Spun: Stars

By Garth Paulson

The last few years have seen an interesting trend develop in indie rock: the remix album. Remixes are common territory for hip hop and dance music, but rock remixes are still largely in their first steps, complete with all the awkwardness and stumbles one would expect. The latest band to receive the remix treatment is Toronto’s Stars and their winsome, sometimes overly sentimental 2005 album, Set Yourself on Fire.

The resultant, Do you Trust your Friends?, is a confusing, unnecessary album full of track-by-track remixes by a bunch of artists who shouldn’t be making remixes. The album begins with Final Fantasy’s attempt at Fire standout “Your Ex-Lover is Dead.” The cut is a muddled affair that removes the propulsive elements of the original and replaces them with random violin scribbles. The rest of the album largely follows this example. The Most Serene Republic take the lush, wall-of-sound on “Ageless Beauty” and turn it into a sparse honky-tonk backdrop, but leave Amy Millan’s heavily filtered vocals intact.

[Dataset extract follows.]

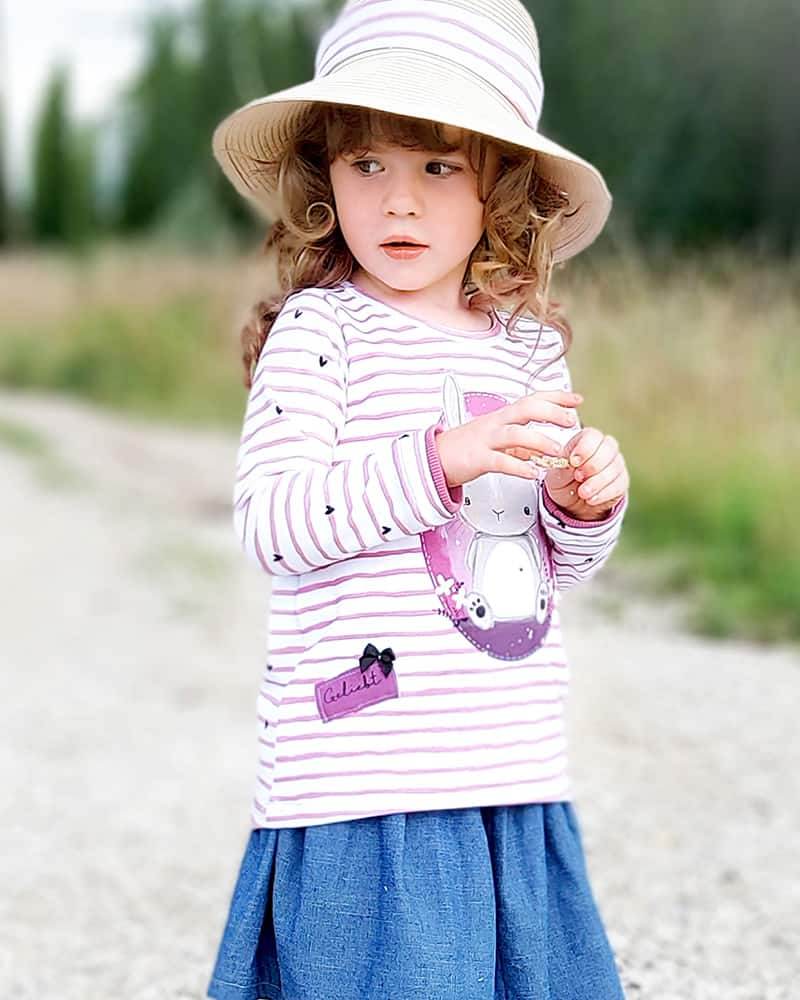 Schnittmuster Cutie Shirt 62-146 [Digital] - Sewando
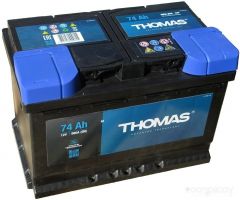 Автомобильный аккумулятор Thomas R (74 А·ч)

The Dears mercilessly chop up “What I’m Trying to Say” into two parts, neither of which have a point. The Russian Futurists turn the chic, metropolitan pop of “The First Five Times” into a stadium-ready, power chord-filled mess. The list goes on and on.

In the end, Do you Trust your Friends? is an interesting album, but not because it acts as a successful companion piece to its source material. No, Trust’s only real value is to remind listeners that sometimes it’s best not to trust their friends.